Para pemilki modal yang tidak mempunyai keahlian berusaha dalam bentuk yang produktif akan terpelihara harta yang dimilikinya itu serta akan menerima sebagian keuntungan dsebabkan investasi yang diberikannya. Bagi pemilik modalyang sanggup menjalankan usaha produktif, langkah pemberian modalyang dilakukannya  kepada pihak lain akan mendapatkan keuntungan pula karena investasi yang dia tanamkan dalam usaha dan keuntungan  itu juga merupakan sebagai imbalan atas inflasi nilai mata uang yang selalu terjadi. Di sisi lain, bagi orang yang miskin yang tidak mempunyai  modal, ia sangat terbantu dalam berusaha. Ia bisa berusaha dalam lapangan ekonomi serta terhindar dari pengangguran. Tidak jarang terjadi, karena adanya bantuan modal dari pihak lain itu, orang bisa mengenmbangkan bakatnya dalam lapangan ekonomi, dan bahkan ada diantara mereka akhirnya sampai mencapai tingkat kehidupan sebagai pemilik modal besar.

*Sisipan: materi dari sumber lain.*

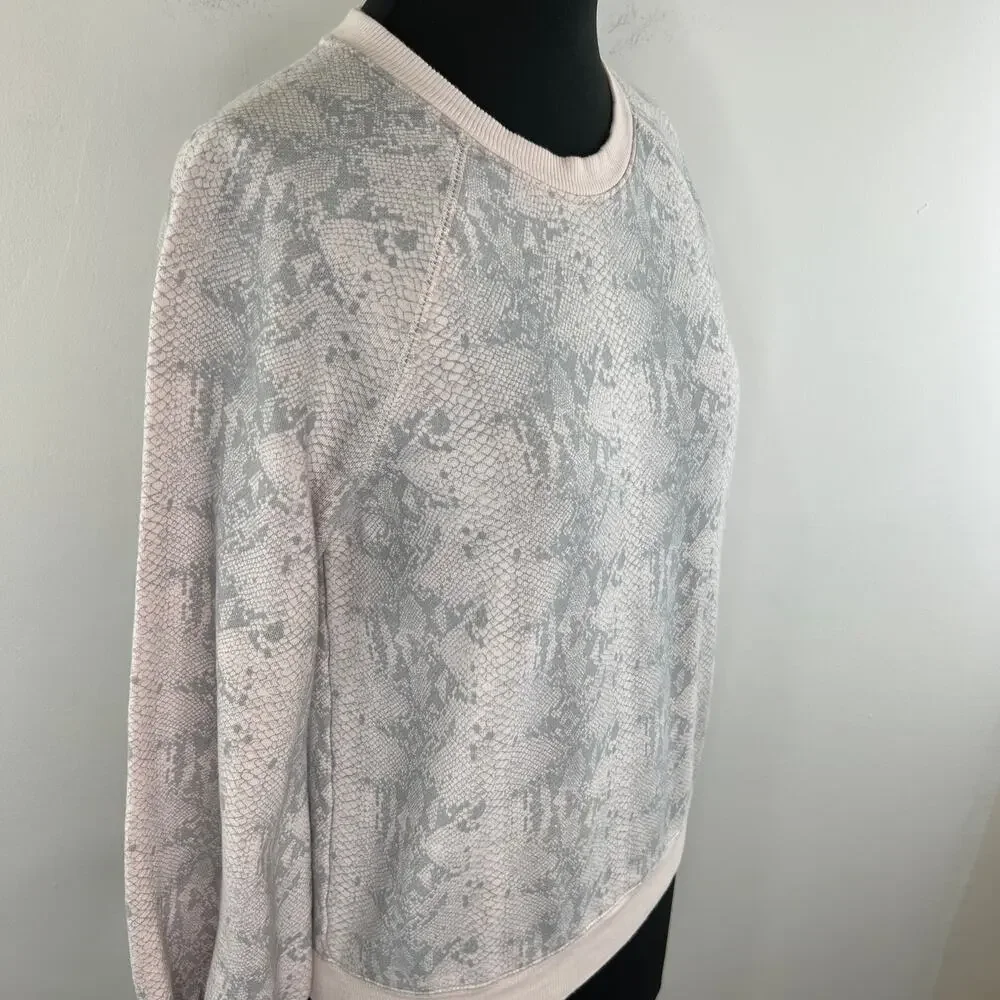 Studio David Lerner Terry Pink Gray Snakeskin Sweatshirt Pullover Top Medium M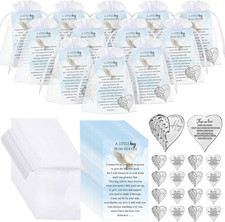 100 Sets Memorial Angel Sign Coins Set Funeral Pocket Token Heart Pocket Hug Coi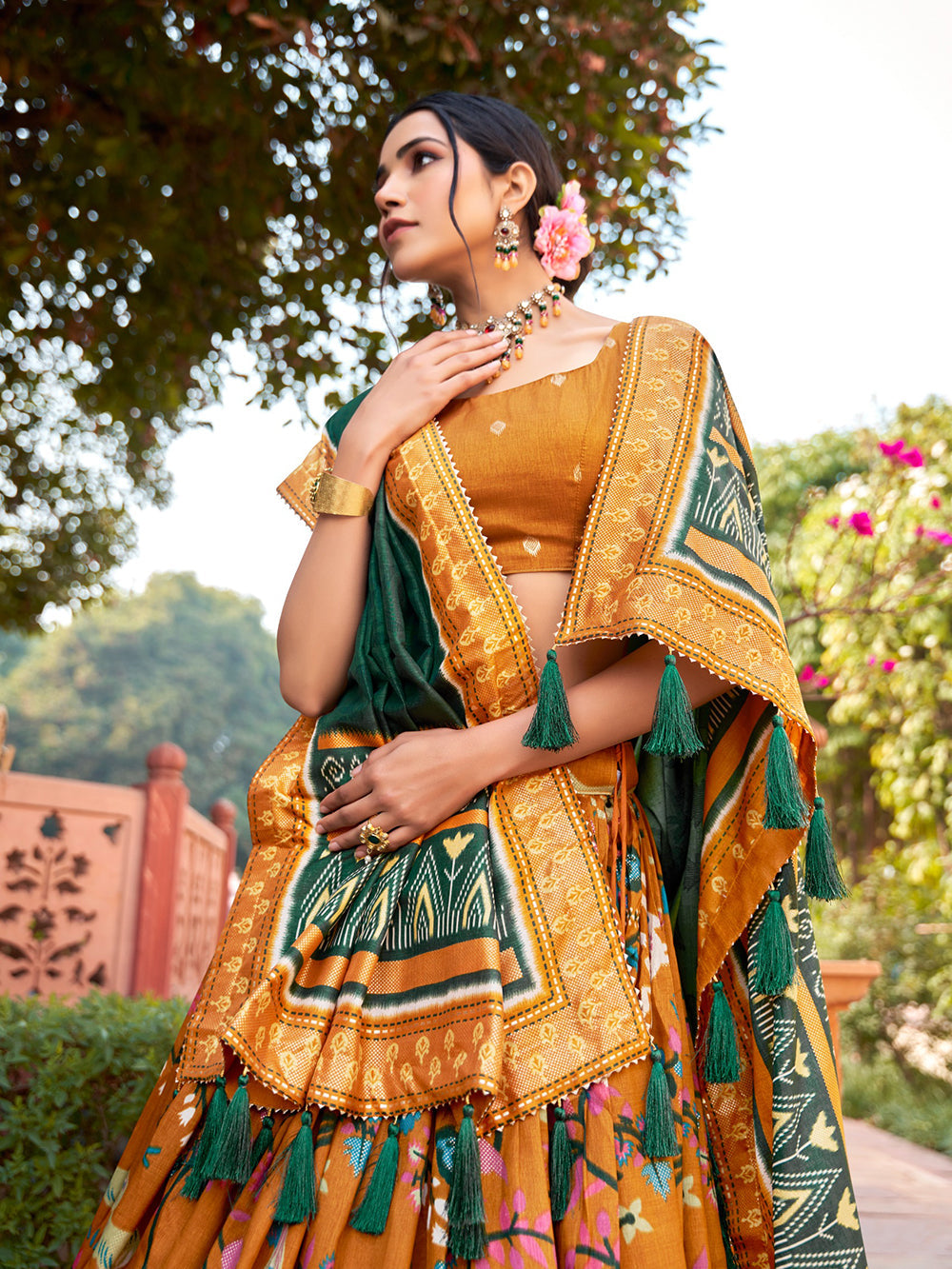 Mustard Color Minakari With Foil Print Tussar Silk Lehenga Choli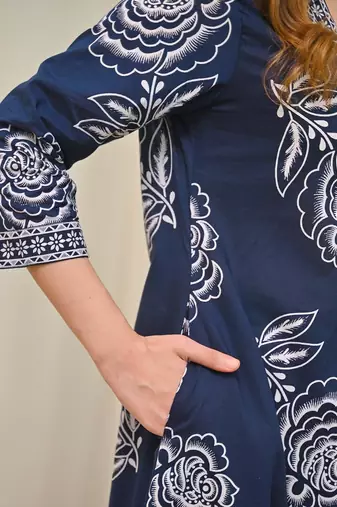 Anarkali cotton printed kurta with pant and dupatta for women 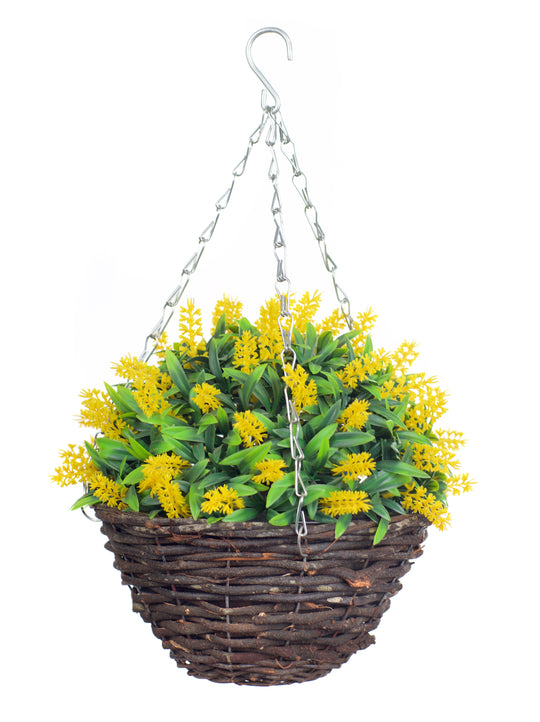 Best Artificial 10 inch Lavender Hanging Basket - Suitable for Outdoor Use - Weather Resistant (Yellow)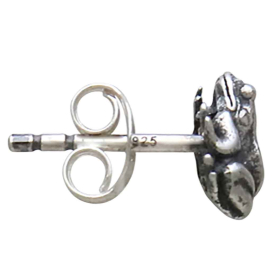 Sterling Silver Tiny Dimensional Frog Post Earrings Side View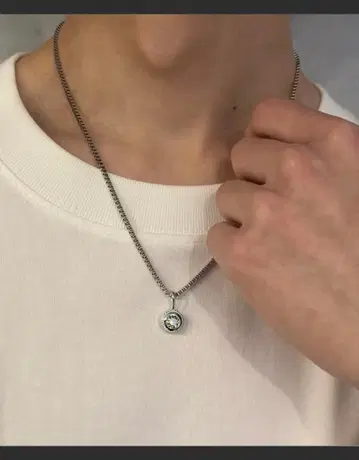 실버 목걸이 silver925 실버 탑 그린 펜던트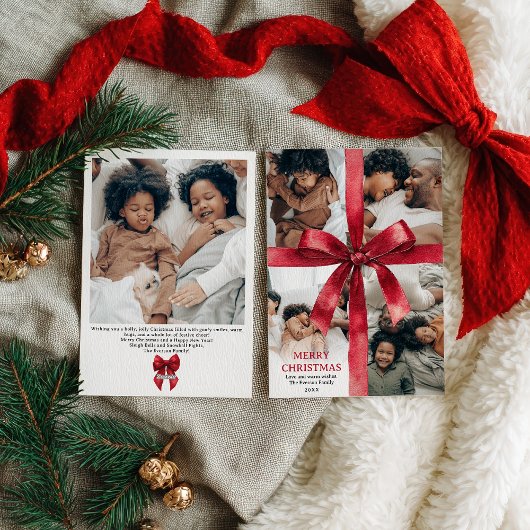 Red Coquette Bow Christmas Winter 5 Photo シーズンカード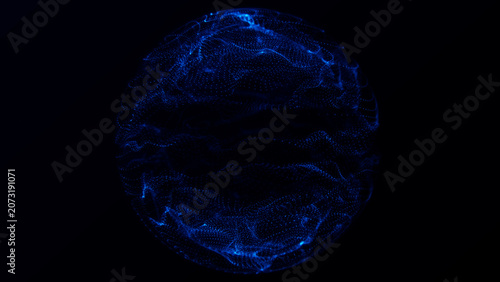 Abstract dark blue particle sphere with layered wave texture and glowing dotted structure, great for technology, data network, science, AI, and futuristic backgrounds.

Dan diantara kepentingan sistem qiradh selain untuk  menghilangkan pengangguran, ialah walaupun qiradh itu mengandung perjanjian bahwa keuntungan (laba) untuk kedua-belah pihak entah masing-masing separuhnya atau dengan prosentase yang ditentukan akan tetapi bila terjadi kerugian yang menjalankan modal, dia tetap berhak mendapatkan upah yang wajar yang disebut: ujratul mitsli. Jadi dia (pelaksana) itu tidak ikut rugi, melainkan tetap mendapat keuntungan sebagai upah.
Hukumnya boleh.
Sabda Nabi SAW:
“Tiga macam, padanya mempunyai berkah, ialah:
1.      Menjual sesuatu barang yang ditangguhkan membyarnya kepada waktu tertentu. (suatu  sistim dagang yang mengandung sosial bagi pembeli yang miskin);
2.      Bagi untung; (karena mengandung manfaat bagi orang yang tidak punya modal);
3.      Mencampurkan biji sawi dengan gandum untuk dimakan supaya menjadi kekuatan (seperti denganbubur)”.(H.R Ibnu Majah)

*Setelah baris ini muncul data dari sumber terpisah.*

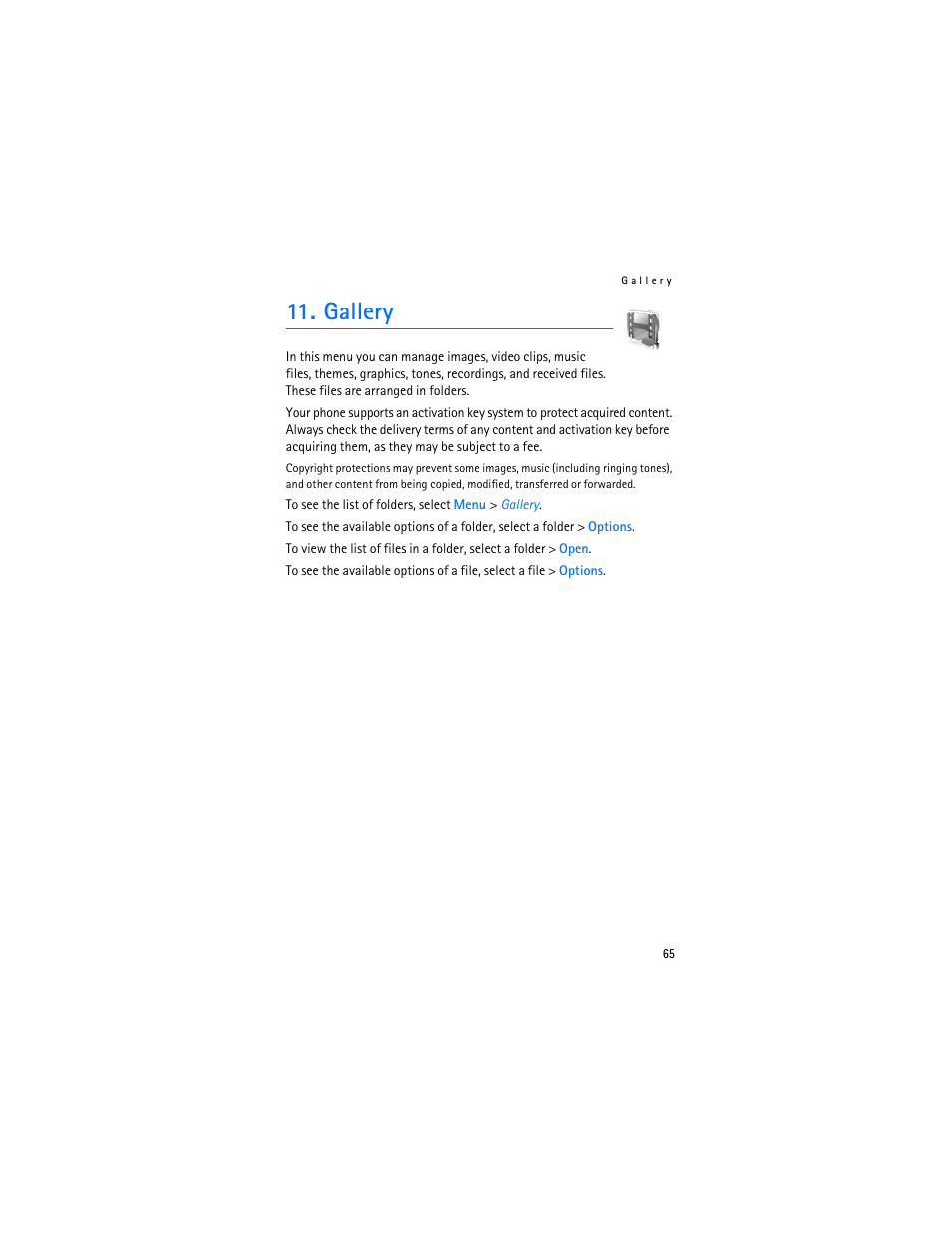 Gallery | Nokia 7370 User Manual | Page 66 / 201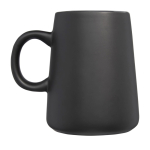 Tazze personalizzate ceramica opaca manico rotondo 450ml Wide Base color nero seconda vista con laterale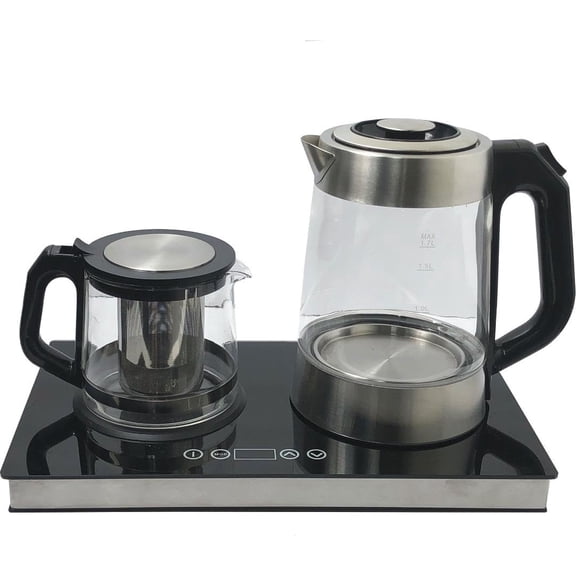 Electric Cordless Tea Maker Samovar Stainless Steel Glass Double Kettle Smart Keep Warm Tray Plate Boil Dry Protection Rotating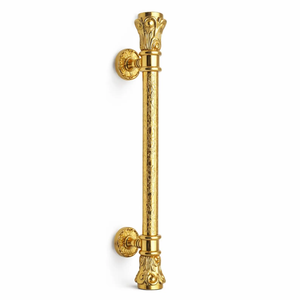Florentine Bloom Modern Brass Door <b>Handle</b> Luxury Floral Decorative Pull Premium Antique Gold Finish Door Hardware Wholesale - Product Image 1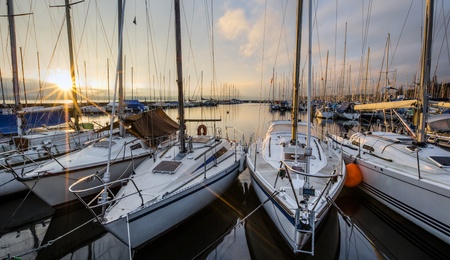 Sailboats and Dawnの写真素材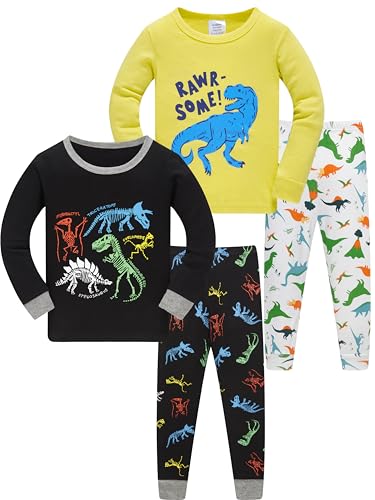 LOLPIP Jungen Pyjamas 4-Pc Set Kleinkind Kleidung 100% Baumwolle Nachtwäsche Dinosaurier Gedruckt Nachtwäsche Langarm 6 Jahre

Demikianlah gambaran secra global tentang mudharabah. Praktek ini sudah sering dilakukan oleh masyarakat secara umum, kita dapat melihat praktek ini dilingkungan sekitar kita. Sehingga kita bisa menganalisis hal-hal apa saja yang terjadi pada muamalah tersebut, serta bisa mengkaji penyebab batalnya muamalah dan sahnya muamalah tersebut dilihat dari berbagai aspek. Mudah-mudahan dengan adanya makalah ini bisa menambah wawasan kita sebagai mahasiswa. Kami mohon maaf jika terdapat banyak kesalahan dalm pembuatan makalah ini. Kami menerima kritik dan saran untuk perbaikan pada diri kami sebagai penyusun makalah, karena kami hanyalah manusia biasa yang tak lepas dari khilaf dan salah.

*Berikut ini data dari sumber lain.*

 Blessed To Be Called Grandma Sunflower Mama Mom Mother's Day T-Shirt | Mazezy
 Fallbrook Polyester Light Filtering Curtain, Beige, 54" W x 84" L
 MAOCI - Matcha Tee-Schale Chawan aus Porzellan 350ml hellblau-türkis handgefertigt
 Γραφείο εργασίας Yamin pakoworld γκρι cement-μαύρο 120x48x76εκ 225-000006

                                    BAB II
                                    PEMBAHASAN
  A.   Arti, Landasan, dan Rukun Mudharabah
  1.     Pengertian Mudharabah
Mudharabah atua qiradh termasuk salah satu bentuk akad syirkah (perkongsian). Istilah mudharabah digunakan oleh orang Irak, sedankan orang Hijaz menyebutnya dengan istilah qiradh. Dengan demikian, mudharabah dan qiradh adalah dua istilah untuk maksud yang sama.
Menurut bahasa, qiradh (قراض) diambil dari kata قرض yang berarti potongan, sebab pemilik memberikan potongan dari hartanya untuk diberikan kepada pengusaha agar mengusahakan harta tersebut untuk berdagang, dan pengusaha akan memberikan potongan dari laba yamg diperoleh dari perdagangan[1]. Bisa juga diambil dari kata مقاردة yang berarti مساوة (kesamaan), sebab pemilik modal dan pengusaha memiliki hak yang sama terhadap laba.
Orang Irak menyebutnya, dengan istilah mudharabah (مضرابه), sebab “setiap melakukan akad memiliki bagian dari laba”, atau pengusaha harus mengadakan perjalanan dalam mengusahakan harta modal tersebut. Perjalanan tersebut dinamakanضرباًفيالسفر[2]
Mengenaipengertian mudharabah menurut istilah, diantara ulama fiqih terjadi perbedaan pendapat, salah satunya adalah:[3]
“Pemilik harta (modal) menyerahkan modal kepada pengusaha untuk berdagang dengan modal tersebut, dan laba dibagi antara keduanya berdasarkan persyaratan yang disepakati”.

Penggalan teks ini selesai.